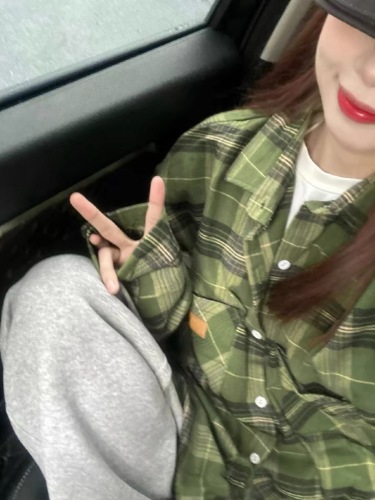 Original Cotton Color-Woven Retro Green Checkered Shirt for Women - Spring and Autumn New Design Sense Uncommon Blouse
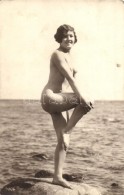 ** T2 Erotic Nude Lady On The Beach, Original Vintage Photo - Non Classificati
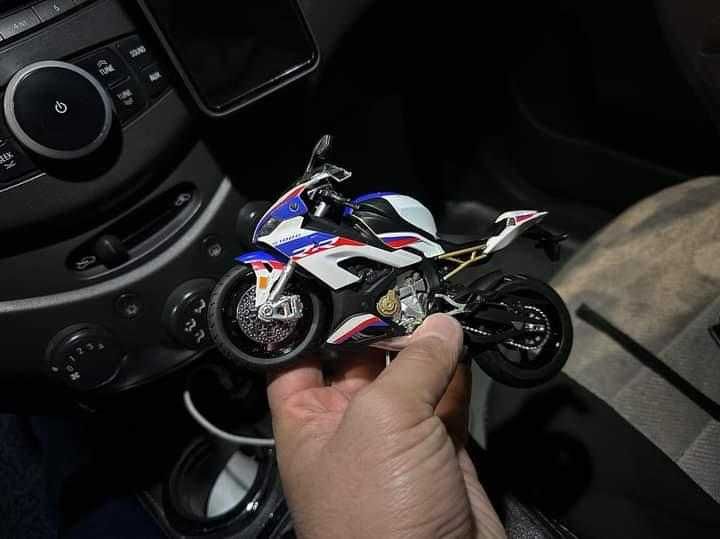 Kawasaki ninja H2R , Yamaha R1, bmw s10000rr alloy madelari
____
WORK TASK: An exact restatement is expected of the lines from the line containing "- Non Classificati" to the end of the data above, pictures excluded.

SOLUTION:
 ** T2 Erotic Nude Lady On The Beach, Original Vintage Photo - Non Classificati
 Kawasaki ninja H2R , Yamaha R1, bmw s10000rr alloy madelari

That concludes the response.